With regard to the rns intron landscape for members of the O. piliferum complex, this study showed that five potential intron sites exist and these are occupied by GI (S569, S1224, S1247) and GII introns (S379, S952). Among intron-encoded ORFs, the LAGLIDADG family appears to have invaded four of these introns, with the mS379 GII intron maintaining an RT ORF. Intron landscapes provide information for those that annotate mtDNAs or for those searching for sources of polymorphisms. In addition, ribozymes and intron-encoded ORFs (HEases and RTs) have applications in biotechnology, genome editing, or as functional genomics tools (Stoddard 2005; Belfort and Bonocora 2014; Enyeart et al. 2014; Hafez and Hausner 2015; Qin et al. 2016). Intron landscapes may identify LADLIDADG HEases and host introns at insertion sites that may be similar to sequences present in genes associated with pathogenicity and/or monogenic diseases. These HEs could be developed into gene targeting tools (Hafez and Hausner 2012).
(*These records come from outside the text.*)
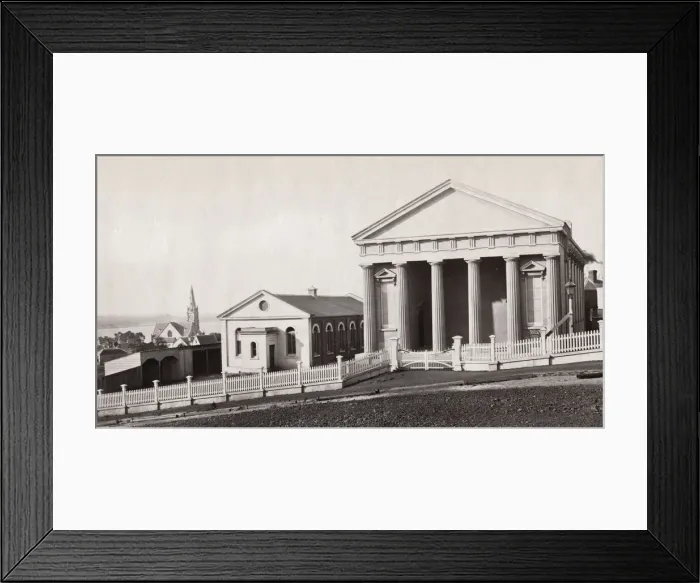 Framed Print : Congregational, Presbyterian churches, Auckland, New Zealand Framed Print : Congregational, Presbyterian churches, Auckland, New Zealand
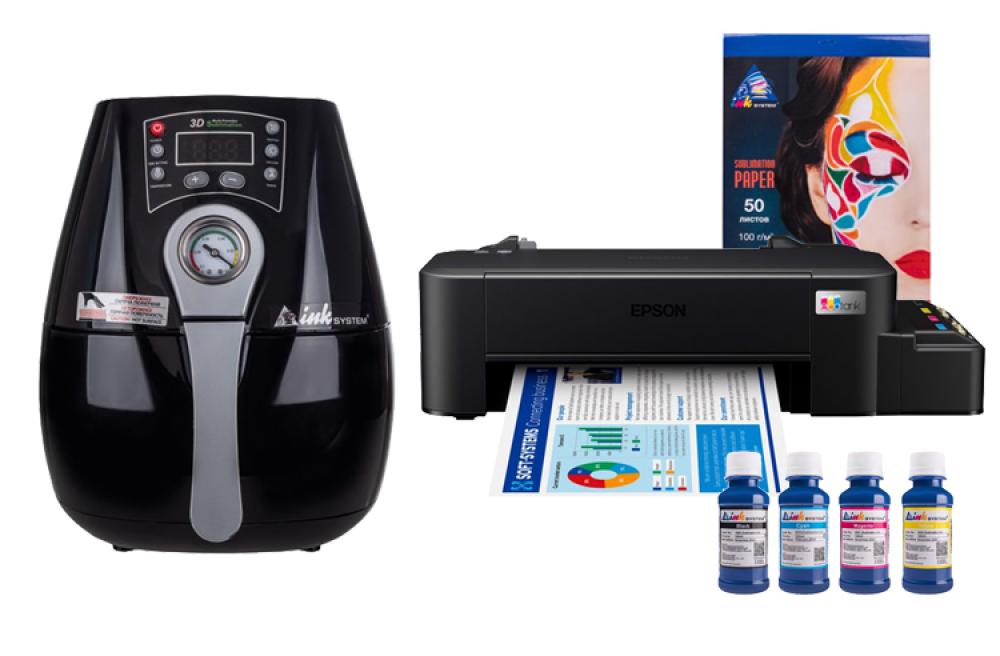 изображение Вакуумный термопресс INKSYSTEM 3D-Mini и принтер Epson L121 с набором для сублимационной печати - изображение 1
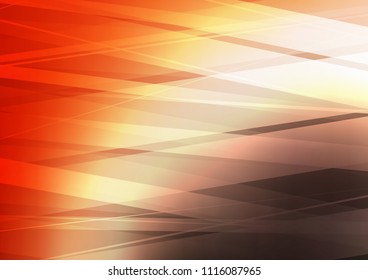 Light Red, Yellow vector template with repeated sticks. Glitter abstract illustration with colored sticks. Best design for your ad, poster, banner.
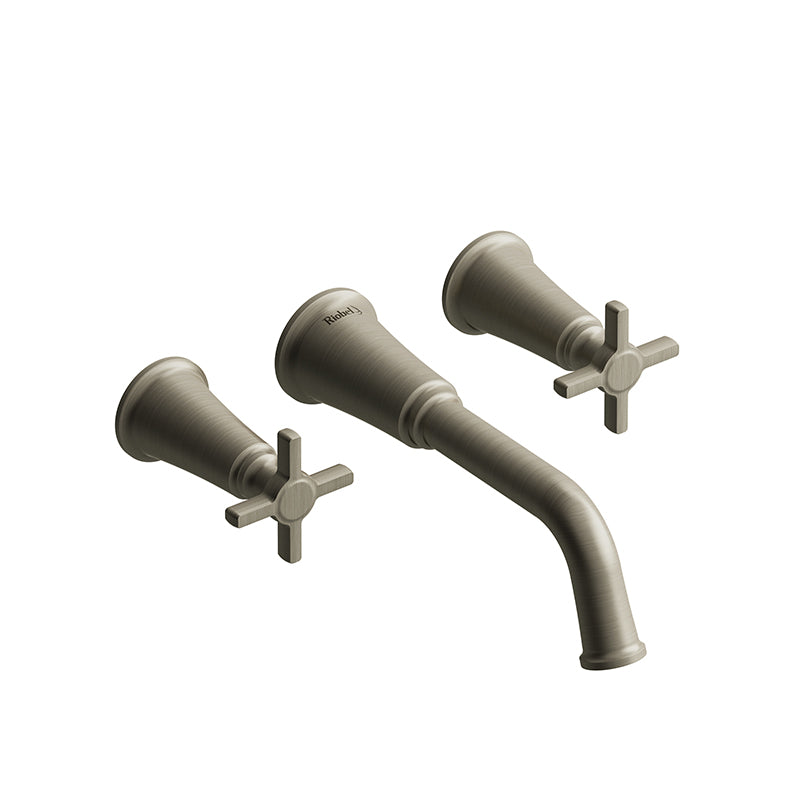 Riobel MMSQ03+BN- 8" wall-mount lavatory faucet | FaucetExpress.ca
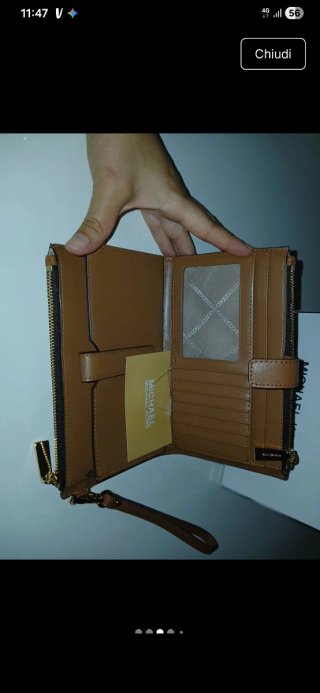 Portafoglio Michael Kors donna marrone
Phylogenetic investigations suggest that the intron ORFs evolve rapidly and thus, most trees had poorly supported topologies. In general, among members of the Ophiostomatales, introns appear to be gained and lost frequently. The intron ORFs tree topologies do not follow the expected host species/genome trees, which hints at the possibilities of horizontal transfers of these elements among distantly related lines. Movement of introns along with their IEPs is facilitated by their encoded proteins that target specific sites in cognate intronless alleles (Colleaux et al. 1986; Dujon 1989) or by the ability of GI and GII introns to reverse splice into transcripts that need to be reverse transcribed into cDNA, followed by a recombination event that inserts the cDNA into the genome. Reverse splicing, for GI introns in particular, requires less sequence recognition and thus, it could be an efficient method for invading new sites (Roman et al. 1999; Bhattacharya et al. 2002, 2005). This work also provided some insight into the evolution of GII introns and their RT ORFs; the mS379 intron appears to follow the intron/HEG life cycle model of invasion, decay, loss and possible reinvasion as proposed by Goddard and Burt (1999).